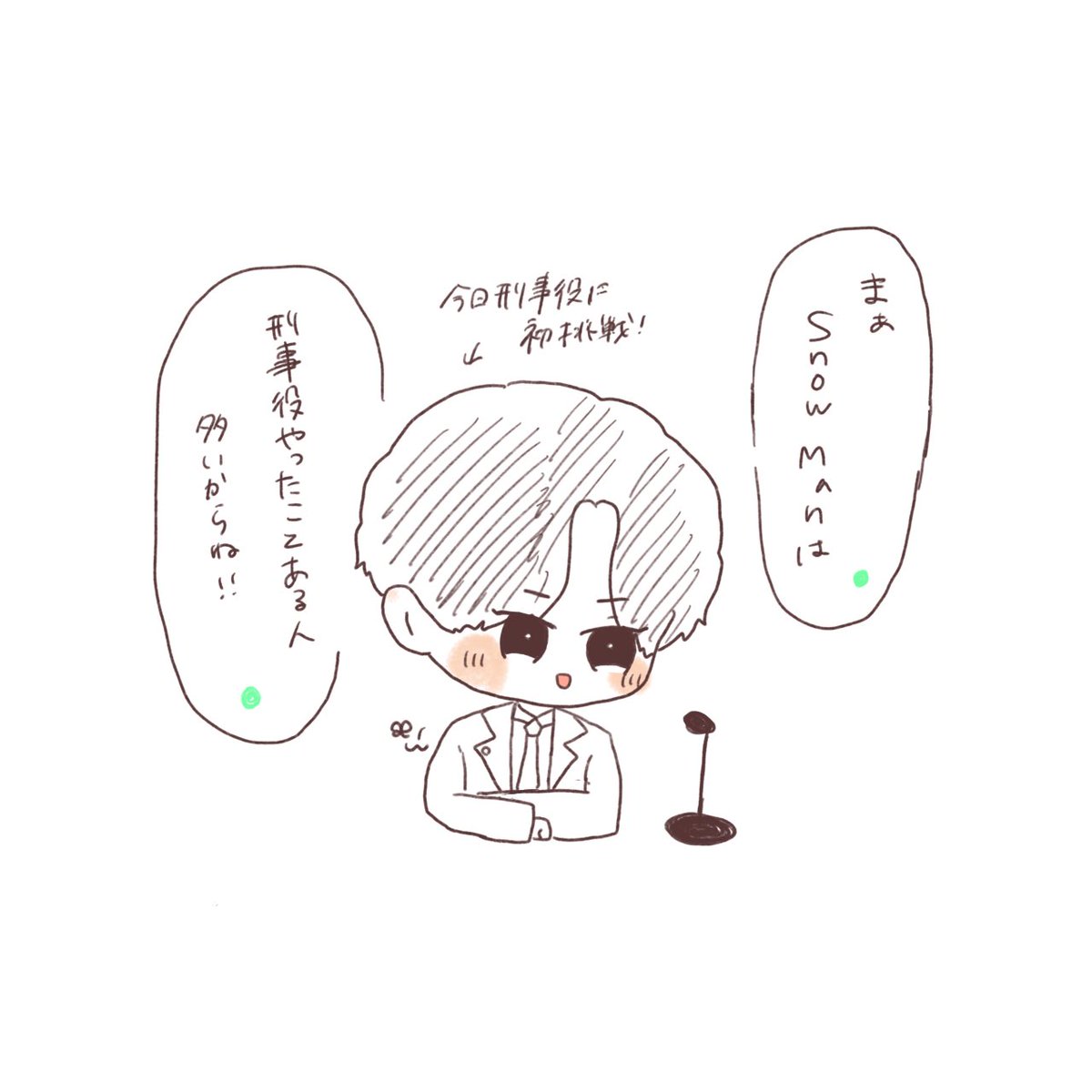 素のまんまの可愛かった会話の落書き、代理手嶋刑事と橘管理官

☆ ☆ ☆ ☆ ☆ ☆ ☆

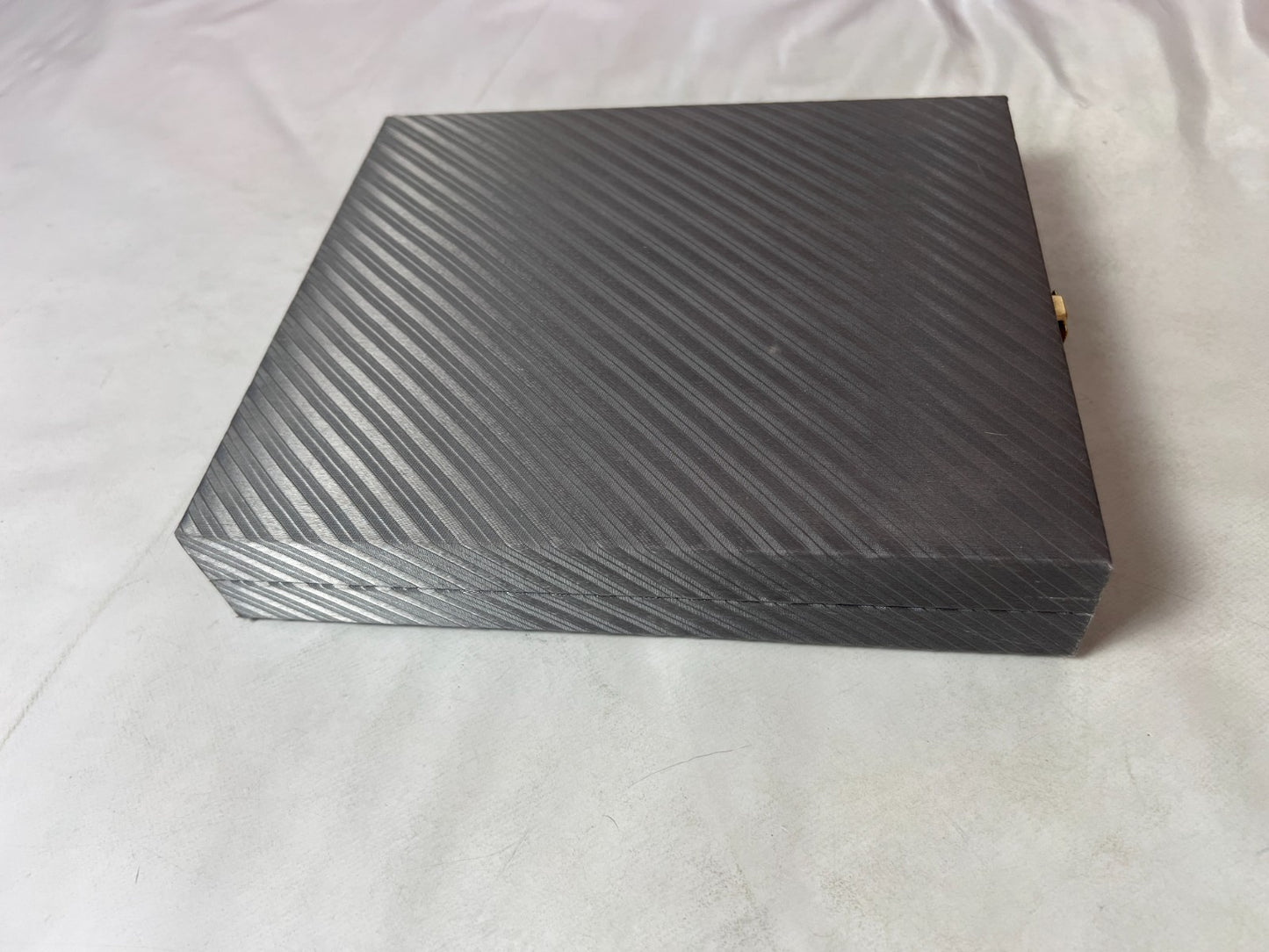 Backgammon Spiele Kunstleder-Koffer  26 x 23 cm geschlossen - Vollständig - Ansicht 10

☆ ☆ ☆ ☆ ☆ ☆ ☆

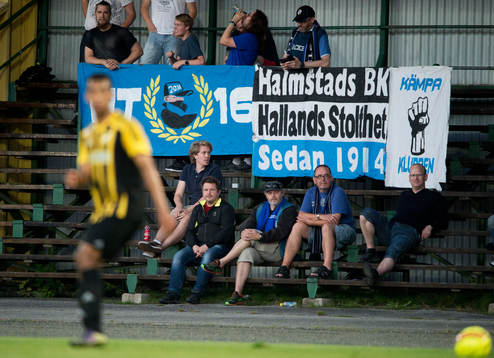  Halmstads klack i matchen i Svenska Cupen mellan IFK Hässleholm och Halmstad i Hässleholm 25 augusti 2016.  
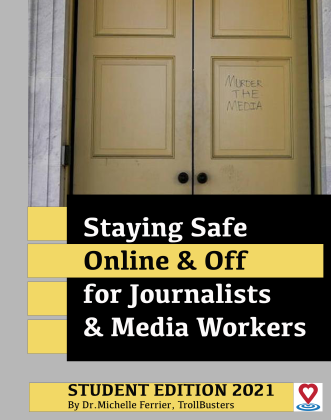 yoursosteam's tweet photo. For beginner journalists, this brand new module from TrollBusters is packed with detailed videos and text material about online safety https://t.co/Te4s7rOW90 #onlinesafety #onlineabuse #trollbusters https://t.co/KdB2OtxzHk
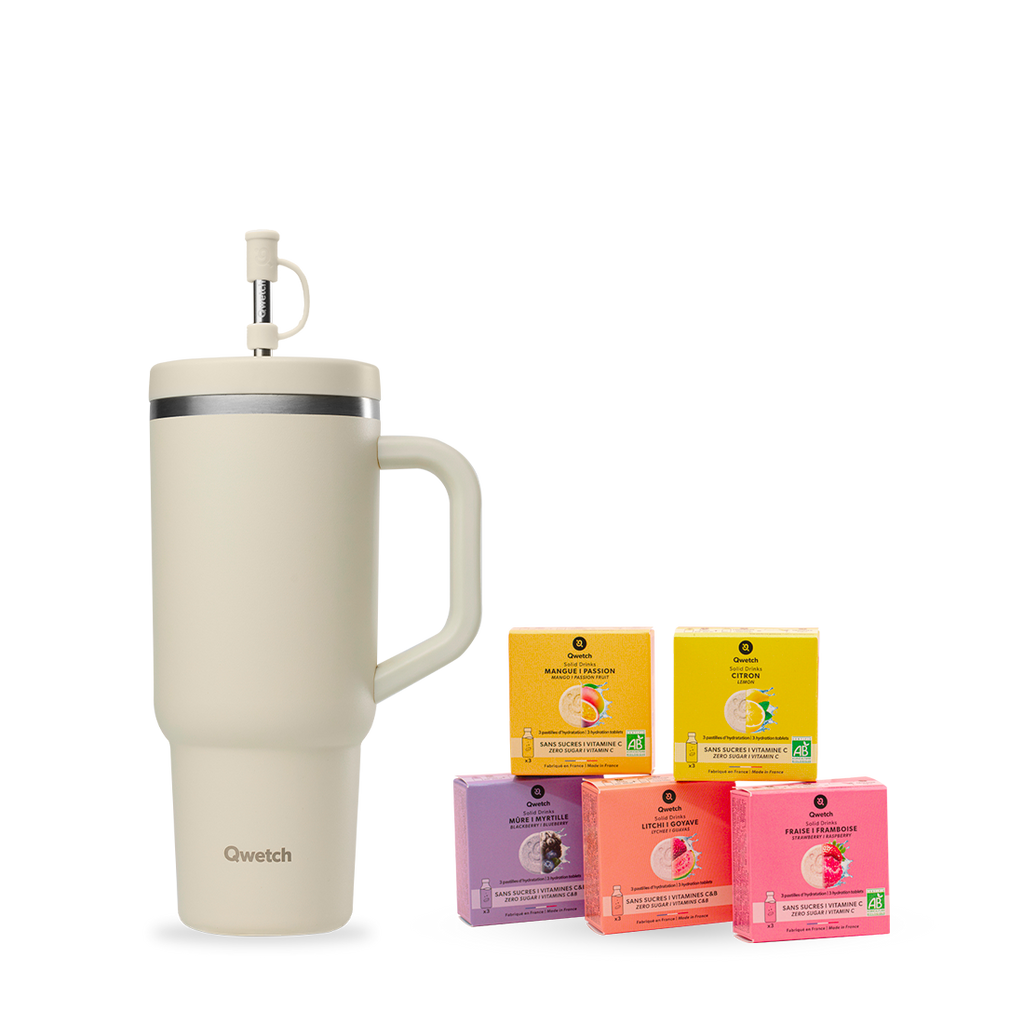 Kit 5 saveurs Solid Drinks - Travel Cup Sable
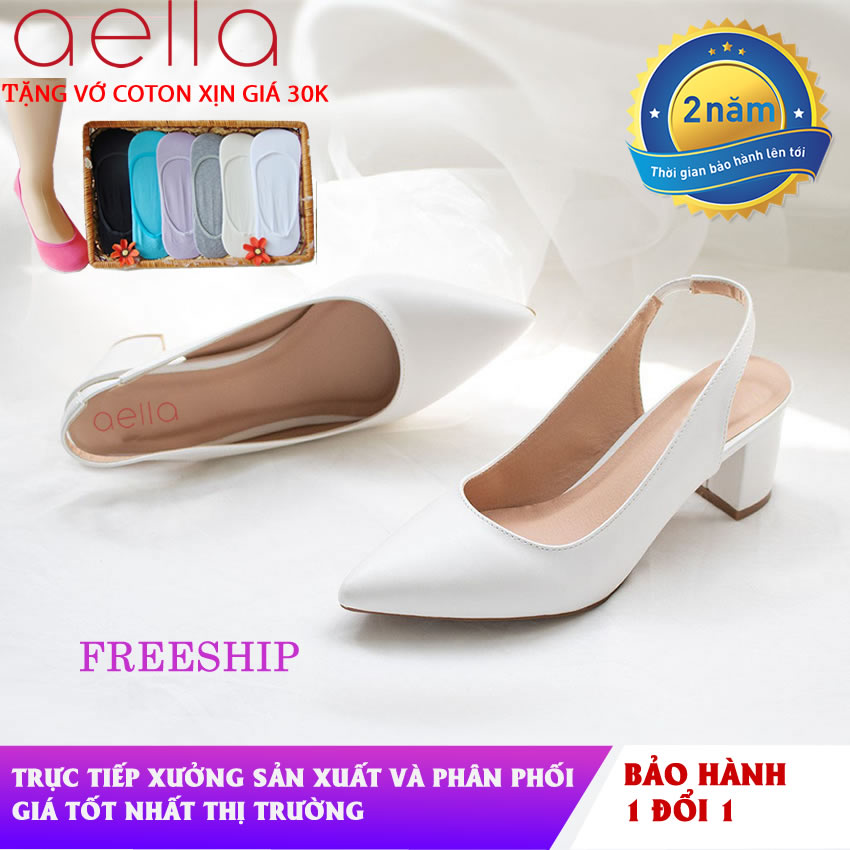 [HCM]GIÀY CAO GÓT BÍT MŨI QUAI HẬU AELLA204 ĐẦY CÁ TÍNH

☆ ☆ ☆ ☆ ☆ ☆ ☆

> _WHAT IS REQUIRED_
Please return the data above exactly as it stands from the line with "Kit 5 saveurs" to the line with "[HCM]GIÀY CAO GÓT", keeping both of those lines but none of the pictures.

> _RESPONSE TO THE TASK_
 Kit 5 saveurs Solid Drinks - Travel Cup Sable
 [HCM]GIÀY CAO GÓT BÍT MŨI QUAI HẬU AELLA204 ĐẦY CÁ TÍNH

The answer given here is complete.